More importantly and less hypothetically, doesn't the fact that we now have this unpatriotic new healthcare mandate (which, like Twilight, no one has read but everyone hates) contradict earlier rulings that force us to be healthier? What I mean is, if I'm paying for healthcare, shouldn't I want to get sick as possible? That wasn't rhetorical, by the way; the answer is yes. Our country was built on the exact same pragmatism and ingenuity I've just displayed.  

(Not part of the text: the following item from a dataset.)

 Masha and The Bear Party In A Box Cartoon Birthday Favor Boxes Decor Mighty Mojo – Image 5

So unless Michelle Obama can figure out a way to grow hot, crispy bacon out of the ground, I'm going to salt her precious earth. Actually, that sounds like hard work. Tell you what, I'm going to hire ten unpaid interns to salt one-tenth of the earth of one paid worker. Not only will they be getting college credit, but unlike those awful pigs on Wall Street who are doing all that lying, cheating, and protesting, these young people will have learned a life-skill.

You're either with me or against me. I hope you're not against me, because my self-esteem is at an all-time low for reasons that have nothing to do with my diet. But If you're with me, here are the best reasons to spite our government and get the most from this brand-new, not-actually-a-tax tax by getting as fat as possible, as fast as possible. You won't need a butter knife to cut these corners.

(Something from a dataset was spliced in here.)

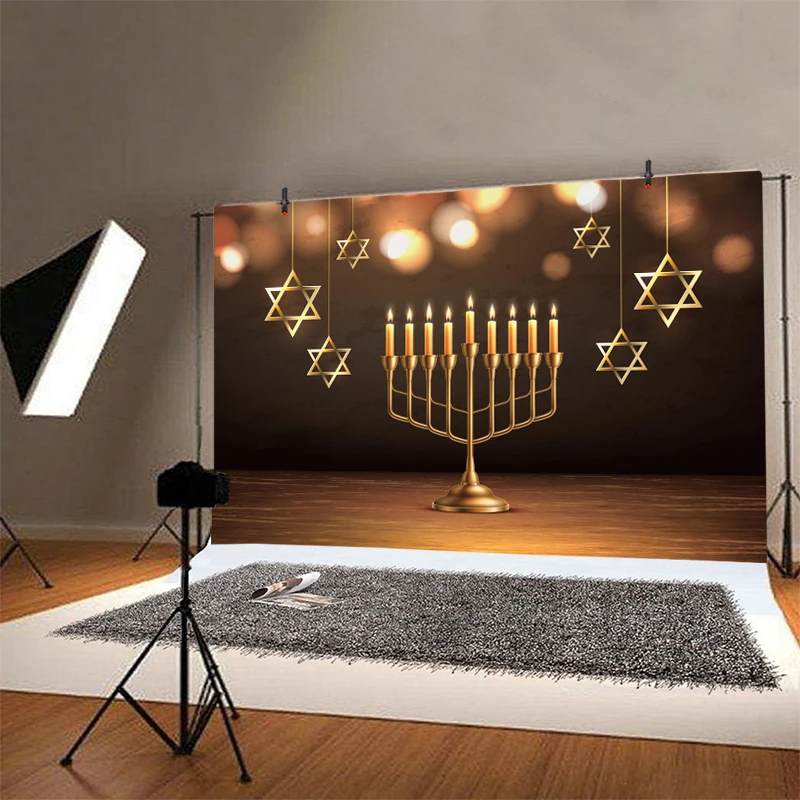 Hanukkah Photo Backdrop Chanukah Jewish Judaism Party Lampstand Hashanah Dreidel Photography Background Menora Decoration Banner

Although disclaimer: you may get diabetes, or balloon up to a size 30 waist like I did, but since you've been paying for everyone's insulin and Obama's tailor, that's just money you've already been spending. 

1. Make yourself a Paula Deen breakfast sandwich.

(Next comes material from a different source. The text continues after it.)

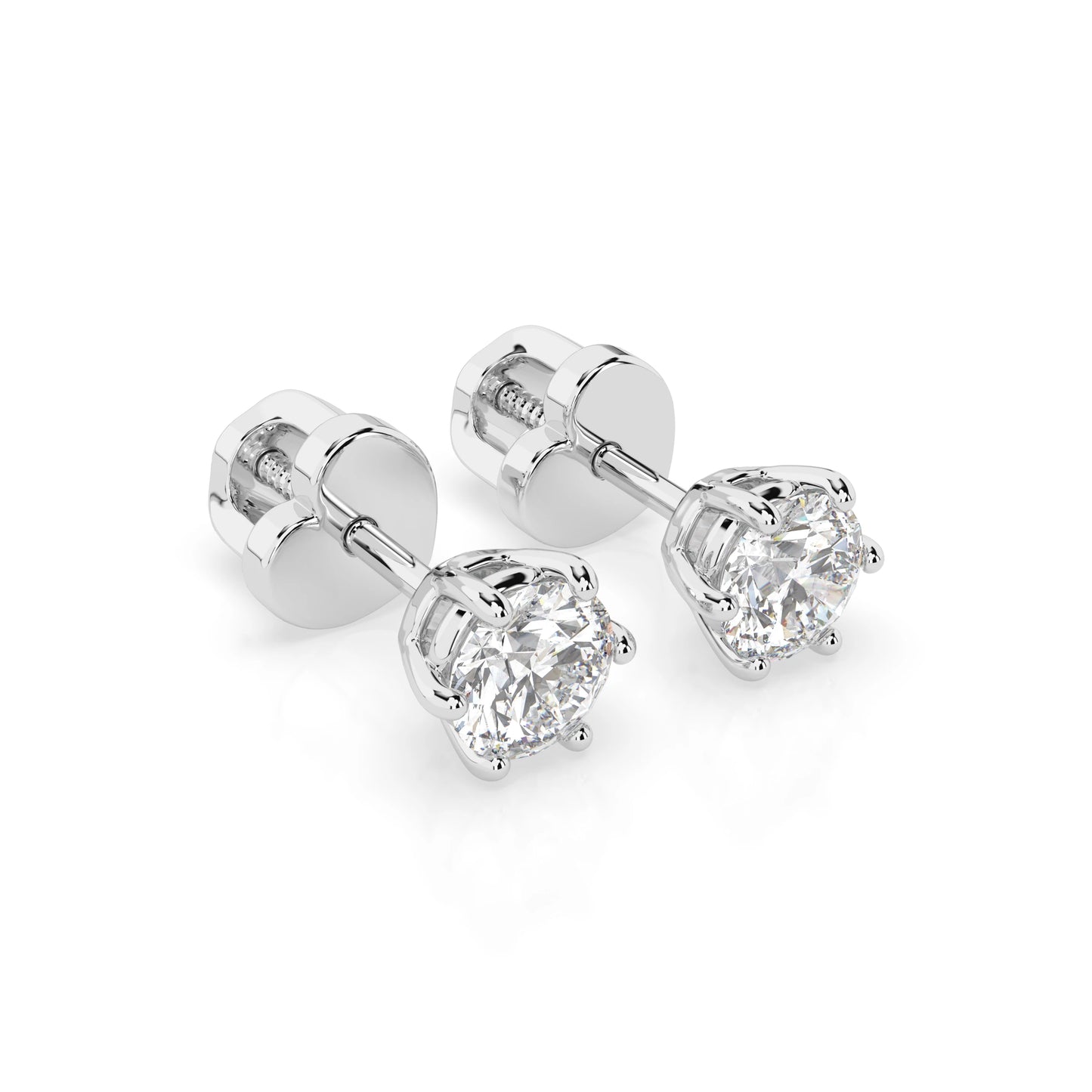 Solitär-Schmetterling-Ohrringe (Rund), 0.6 ct — 102-10027(4.2)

Let's face it: you're tired of spending the night at the Holiday Inn just so you can enjoy a continental breakfast. Television Chef and Kraft-Singles-Dairy-Fairy Paula Deen devised a solution that crams a week's worth of room service into one portable sin.

Grab two Krispy Kreme doughnuts. If you don't live near a Krispy Kreme, just soak two pop tarts in a simple syrup (that's one part sugar, one part water). In a separate deep fryer, combine scrambled eggs, sausage, and cheese. It is perfectly natural for your dog to sniff the drippings and run away: that's how you know it's people food.

Assemble the sandwich as such: put rubber gloves on your hands, take your Red Lobster bib out of the wash and throw it over your neck, doughnut, eggs, cheese, sausage, doughnut. Wink at your sandwich before you eat it; after all, that's what it's doing to you.

2. Treat the local cheese shop like a gas station.

When you become a regular at your local cheese shop (might we actually recommend the worth-every-penny Bedford Cheese Shop on North 3rd and Bedford Avenue?), they'll laugh at all your jokes. A good joke to make is to walk in around lunch time and say "Fill 'er up, please!" and shake your wallet out onto the floor. Oh, the artful mirth of the Rubinesque!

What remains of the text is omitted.